**SUPPLIED RECORDS**
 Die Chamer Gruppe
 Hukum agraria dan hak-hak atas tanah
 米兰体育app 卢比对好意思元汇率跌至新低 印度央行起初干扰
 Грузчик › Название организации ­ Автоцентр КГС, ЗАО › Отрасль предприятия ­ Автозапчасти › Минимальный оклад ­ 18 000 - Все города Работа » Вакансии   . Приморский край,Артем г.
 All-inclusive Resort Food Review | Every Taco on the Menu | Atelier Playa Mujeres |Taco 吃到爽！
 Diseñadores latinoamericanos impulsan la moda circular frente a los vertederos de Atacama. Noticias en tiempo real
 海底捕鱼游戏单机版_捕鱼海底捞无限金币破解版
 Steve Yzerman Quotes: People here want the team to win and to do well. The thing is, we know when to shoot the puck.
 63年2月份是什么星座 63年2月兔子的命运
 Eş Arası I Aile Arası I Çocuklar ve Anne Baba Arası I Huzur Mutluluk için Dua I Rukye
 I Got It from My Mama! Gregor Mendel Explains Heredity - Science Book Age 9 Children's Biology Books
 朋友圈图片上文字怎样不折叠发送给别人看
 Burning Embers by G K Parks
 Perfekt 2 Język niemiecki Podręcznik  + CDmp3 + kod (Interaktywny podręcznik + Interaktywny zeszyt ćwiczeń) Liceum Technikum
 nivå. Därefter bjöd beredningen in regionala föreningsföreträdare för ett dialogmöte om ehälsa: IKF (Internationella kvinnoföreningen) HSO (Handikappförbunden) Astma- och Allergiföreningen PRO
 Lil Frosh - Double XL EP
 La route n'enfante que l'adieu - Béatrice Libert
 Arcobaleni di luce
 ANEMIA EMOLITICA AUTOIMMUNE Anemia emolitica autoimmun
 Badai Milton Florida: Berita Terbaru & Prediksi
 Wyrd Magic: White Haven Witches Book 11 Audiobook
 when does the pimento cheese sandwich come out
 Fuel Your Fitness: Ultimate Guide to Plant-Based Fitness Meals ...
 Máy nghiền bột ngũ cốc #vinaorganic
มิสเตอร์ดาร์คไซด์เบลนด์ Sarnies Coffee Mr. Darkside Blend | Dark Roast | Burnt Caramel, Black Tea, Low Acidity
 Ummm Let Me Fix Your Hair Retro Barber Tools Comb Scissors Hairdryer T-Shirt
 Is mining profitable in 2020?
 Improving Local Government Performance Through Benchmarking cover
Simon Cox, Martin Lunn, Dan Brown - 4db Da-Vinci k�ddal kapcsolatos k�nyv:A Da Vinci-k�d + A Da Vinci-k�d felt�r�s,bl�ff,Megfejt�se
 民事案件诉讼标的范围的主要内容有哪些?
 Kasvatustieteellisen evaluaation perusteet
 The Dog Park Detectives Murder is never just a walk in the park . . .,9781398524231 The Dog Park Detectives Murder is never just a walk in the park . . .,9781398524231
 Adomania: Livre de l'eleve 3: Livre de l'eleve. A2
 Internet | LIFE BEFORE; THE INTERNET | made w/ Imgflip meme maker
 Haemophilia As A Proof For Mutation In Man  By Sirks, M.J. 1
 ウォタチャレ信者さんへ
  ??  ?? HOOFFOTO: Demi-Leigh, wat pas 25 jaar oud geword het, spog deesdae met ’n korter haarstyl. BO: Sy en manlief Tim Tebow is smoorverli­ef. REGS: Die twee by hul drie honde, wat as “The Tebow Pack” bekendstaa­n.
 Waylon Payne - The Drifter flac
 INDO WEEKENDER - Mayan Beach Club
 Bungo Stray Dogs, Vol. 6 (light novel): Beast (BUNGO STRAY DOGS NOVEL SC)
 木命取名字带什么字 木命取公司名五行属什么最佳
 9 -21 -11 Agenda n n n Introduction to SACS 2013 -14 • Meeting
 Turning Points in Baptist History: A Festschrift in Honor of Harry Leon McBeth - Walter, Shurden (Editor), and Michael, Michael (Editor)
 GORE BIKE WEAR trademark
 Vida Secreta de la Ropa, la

**ASSIGNMENT**
Look above for the line holding "Bungo Stray Dogs, Vol." and the line holding "9 -21 -11 Agenda", then output exactly those two lines and every line between them, nothing more.

**WRITTEN ANSWER**
 Bungo Stray Dogs, Vol. 6 (light novel): Beast (BUNGO STRAY DOGS NOVEL SC)
 木命取名字带什么字 木命取公司名五行属什么最佳
 9 -21 -11 Agenda n n n Introduction to SACS 2013 -14 • Meeting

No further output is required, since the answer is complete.